Sharon Shinn, Troubled Waters
In this traditional fantasy novel, protagonist Zoe Ardelay is plucked from obscurity to become the king’s fifth wife, but she escapes that fate, only to discover unsuspected magical powers that grant her a place at court in her own right. She navigates palace intrigues, contemplates her future role in the court, and tries hard not to fall in love with royal advisor Darien Serlast. This book is not particularly groundbreaking, but I really enjoyed it! The magical system, based on keeping the balance between five elements, is creative and informs the world of the novel in interesting ways. Zoe is likable, though sometimes a bit too impulsive, and Darien is a hero after my own heart. Overall, I liked this one a lot and have already checked out the next book in the series, Royal Airs, from my library!

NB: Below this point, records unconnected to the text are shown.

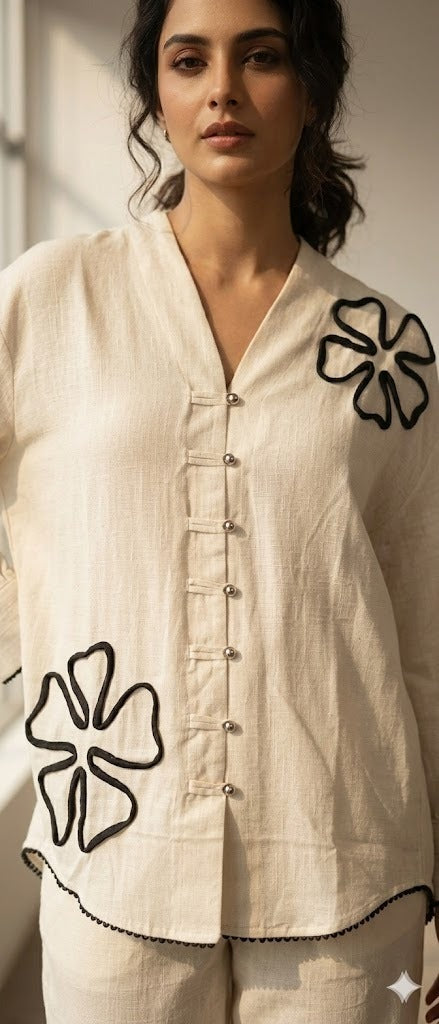 Neutral Muse Co-Ord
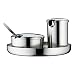 WMF Kult Mini Sugar and Creamer on Tray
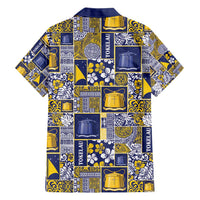 Tokelau Manuia te Kilihimahi Hawaiian Shirt Pacific Patchwork Xmas Vibes LT9 - Polynesian Pride
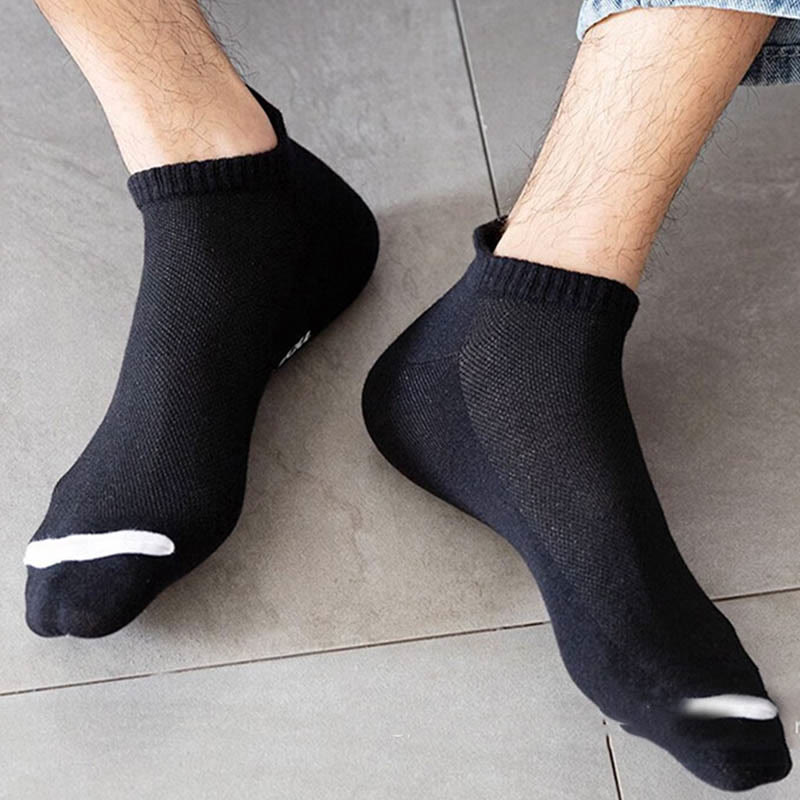 Plus Size Fashion Design Ankle Compression Socks(10 Pairs) - image 8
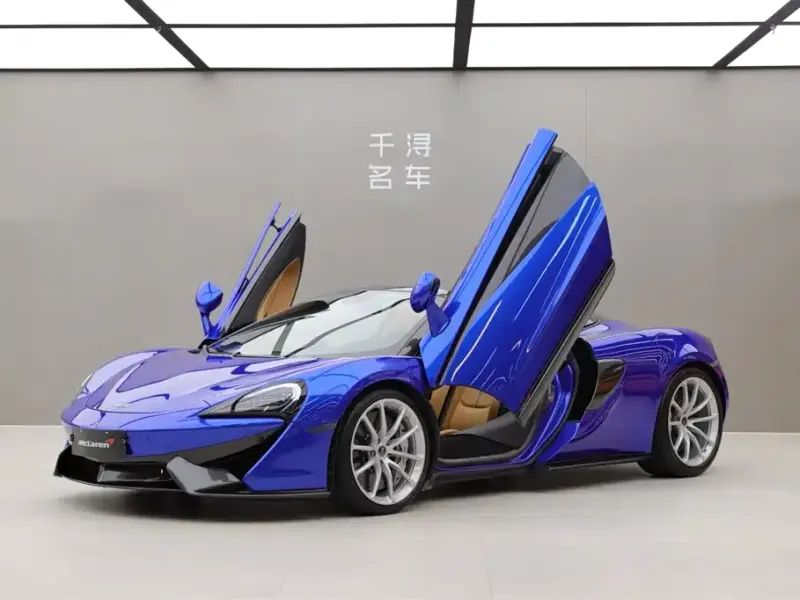 McLaren 570, 2018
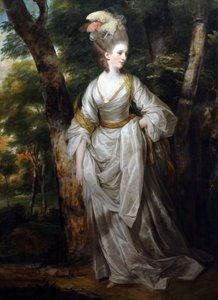 Portrait of Mrs. Elizabeth Karnak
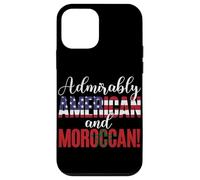 Admirably American And Moroccan Mixed Nationalities Case for iPhone 12 mini
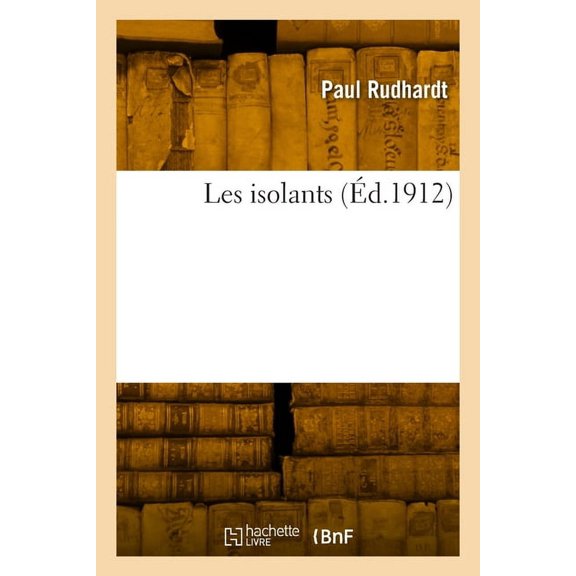 Les isolants, (Paperback)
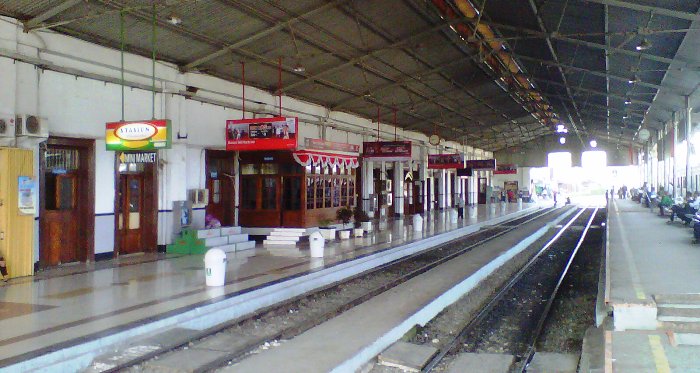 kereta galleri: Stasiun Bogor Kota Terbaru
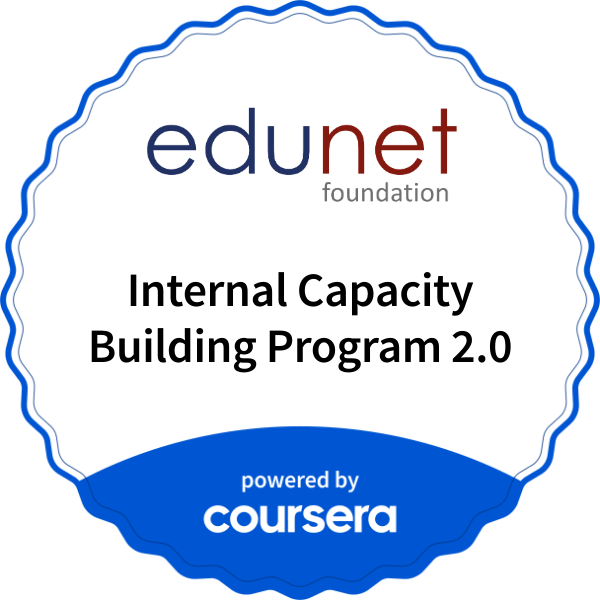 Learning path badge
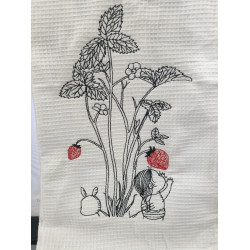 Strawberry Flower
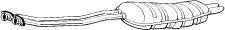  BOSAL part 282-215 (282215) End Silencer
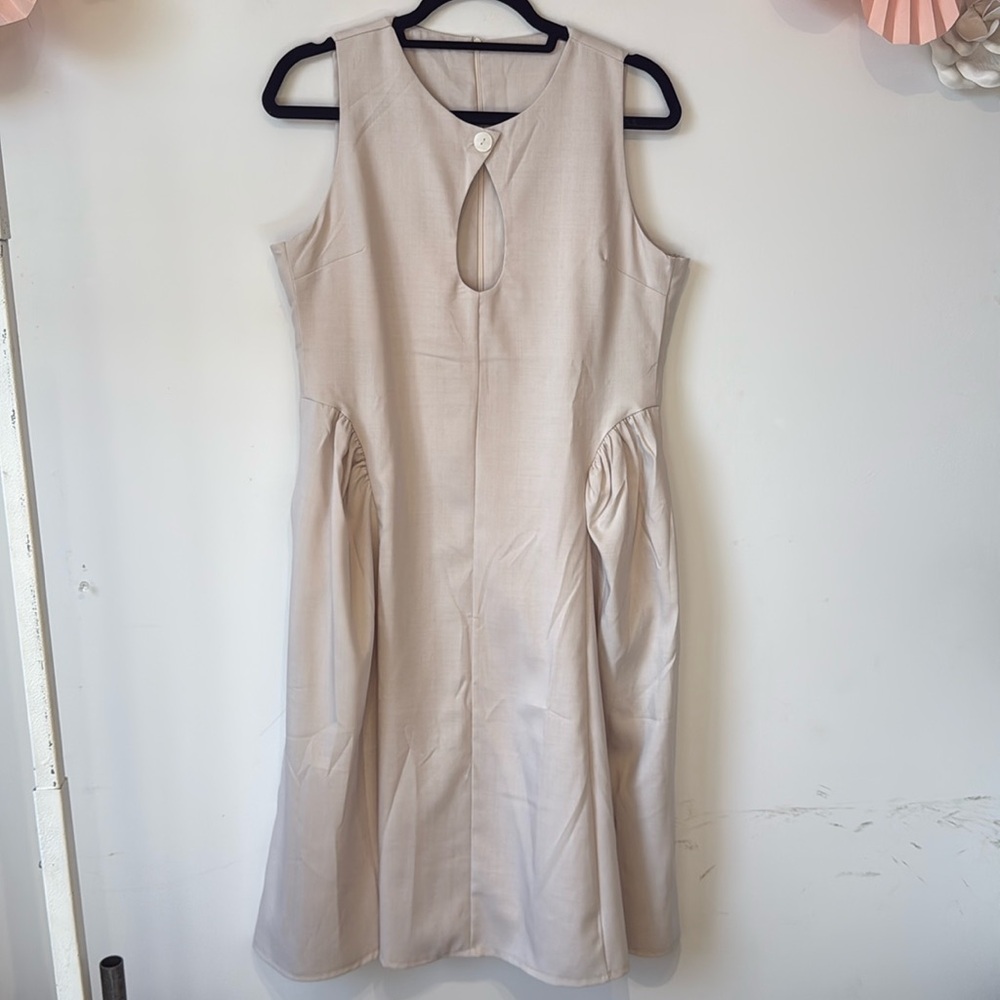 midi dress size large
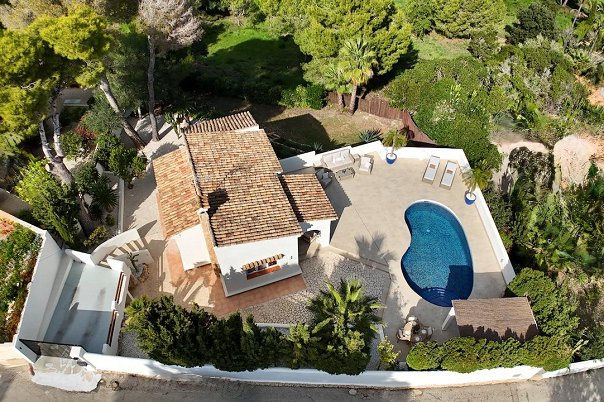 2 bed villas in Moraira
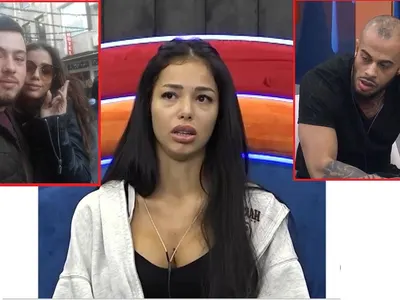 Защо ЛЪЖЕ?! Вижте Въшката Сияна от "Биг Брадър" преди корекциите! (+Брат й скочи на Иван)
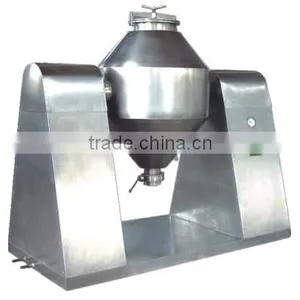 Factory Price Double Cone Rotary Vacuum Dryer for Drying Food Powder thumbnail-2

Robert Barnard, Corpse in a Gilded Cage
In this 1980s take on the English country house mystery, working-class Percy Spender has unexpectedly inherited an earldom and a grand estate. He and his wife just want to sell the place and go back to their regular lives, but their children — not to mention the family lawyer — have other ideas. Then Percy is murdered, and with multiple wills cropping up, it seems the investigation will hinge on who actually inherits the fortune. I wasn’t in the mood for this book when I picked it up, but I thought it would at least be a quick read that I could get off my TBR shelves. However, it actually won me over with its humor and satire of the British class system, not to mention this delightful allusion: “Dixie’s voice warbled from bass to soprano, replete with all the outraged disbelief of Lady Bracknell at her most handbageous.” So I think I need to keep the book now! I’d definitely recommend it to fans of this type of mystery.
Annika Martin, Just Not That into Billionaires
Nine years ago, outgoing ballet dancer Francine had a crush on her co-worker, socially awkward but technologically brilliant Benny. She thought he didn’t feel the same way, but after one drunken night, they got married in Vegas. Feeling ashamed the morning after (she’d tried to sleep with him and he’d refused), Francine left town, and she hasn’t talked to Benny since. Now she needs a divorce, but Benny unexpectedly refuses; instead, he insists that she pose as his loving wife, since he’s now a wildly successful billionaire whose personal life is being scrutinized by the press. Despite this ridiculous plot, this book completely sucked me in. Something about the chemistry between Francine and Benny, and their complementary weirdness, and Benny’s endearing awkwardness, really worked for me! However, I also think some people will find Benny an irredeemable jerk, which I completely understand! So this book won’t be for everyone, but I liked it and may try more by this author.